═════ Available records

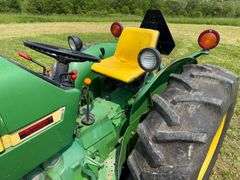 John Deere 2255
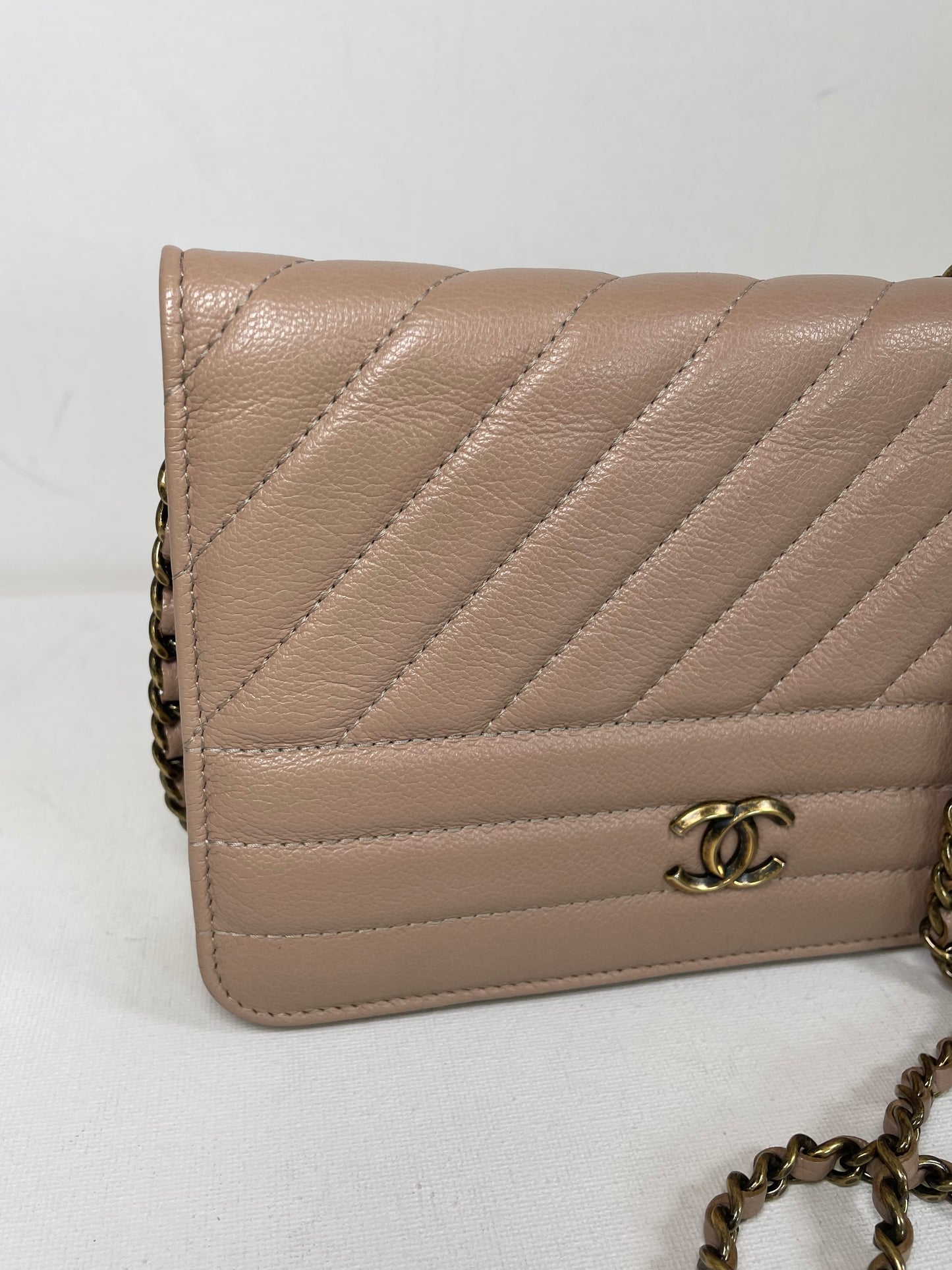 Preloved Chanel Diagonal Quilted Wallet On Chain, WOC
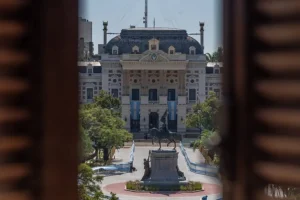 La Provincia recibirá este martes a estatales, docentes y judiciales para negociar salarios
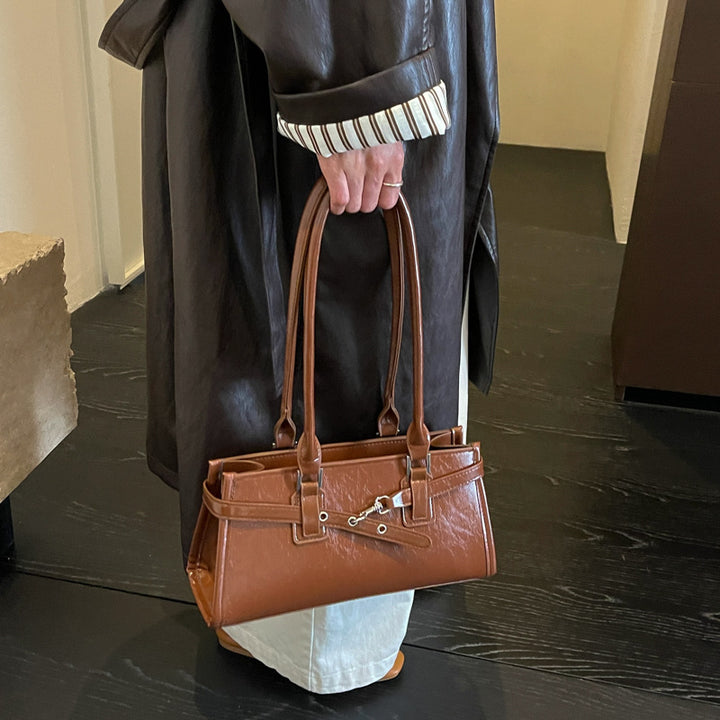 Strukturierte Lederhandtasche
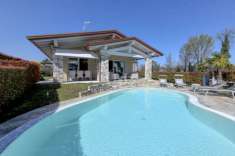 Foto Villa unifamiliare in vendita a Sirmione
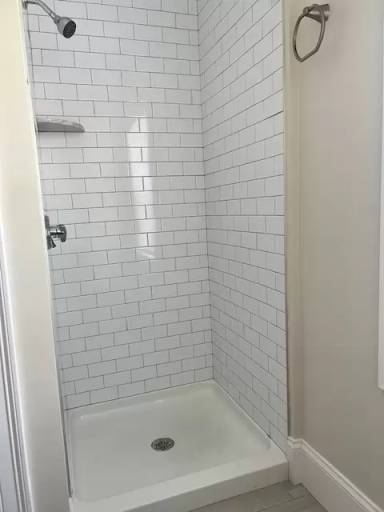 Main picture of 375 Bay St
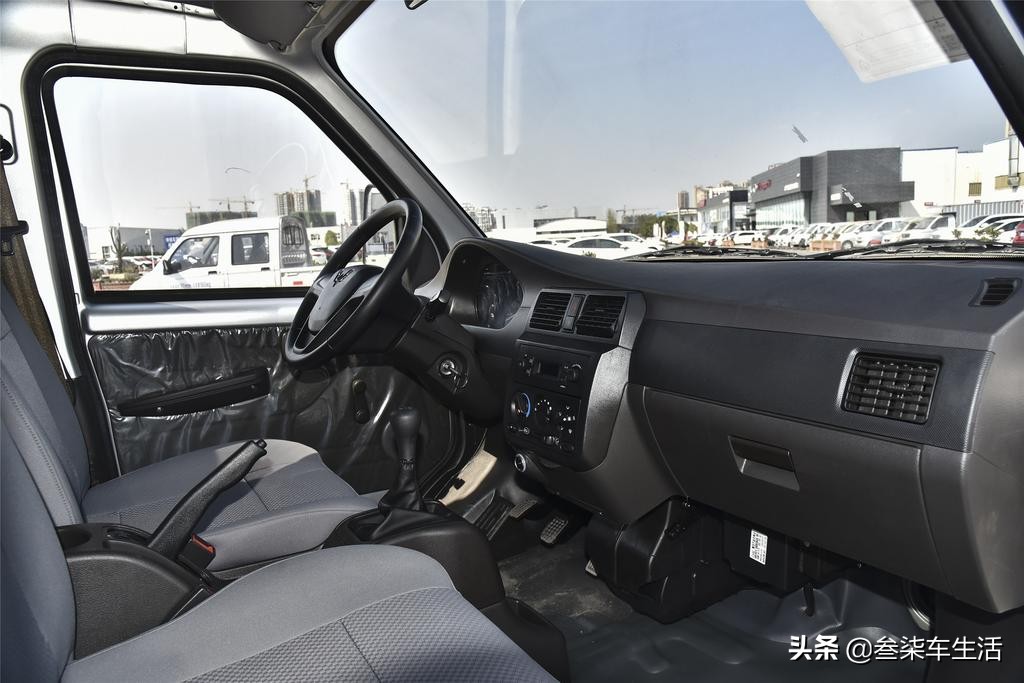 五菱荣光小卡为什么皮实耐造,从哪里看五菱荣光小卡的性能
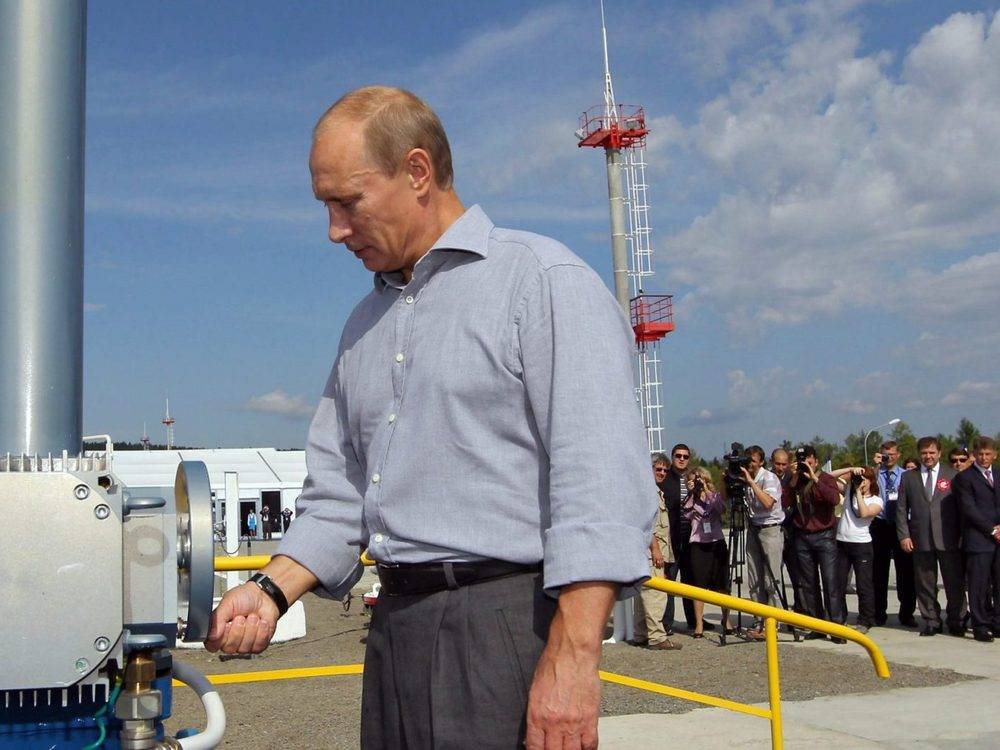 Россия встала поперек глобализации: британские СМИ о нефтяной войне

══════════

Output the full listing above exactly, excluding all pictures.

 John Deere 2255
 Preloved Chanel Diagonal Quilted Wallet On Chain, WOC
 La Provincia recibirá este martes a estatales, docentes y judiciales para negociar salarios
 Strukturierte Lederhandtasche
 Foto Villa unifamiliare in vendita a Sirmione
 Main picture of 375 Bay St
 五菱荣光小卡为什么皮实耐造,从哪里看五菱荣光小卡的性能
 Россия встала поперек глобализации: британские СМИ о нефтяной войне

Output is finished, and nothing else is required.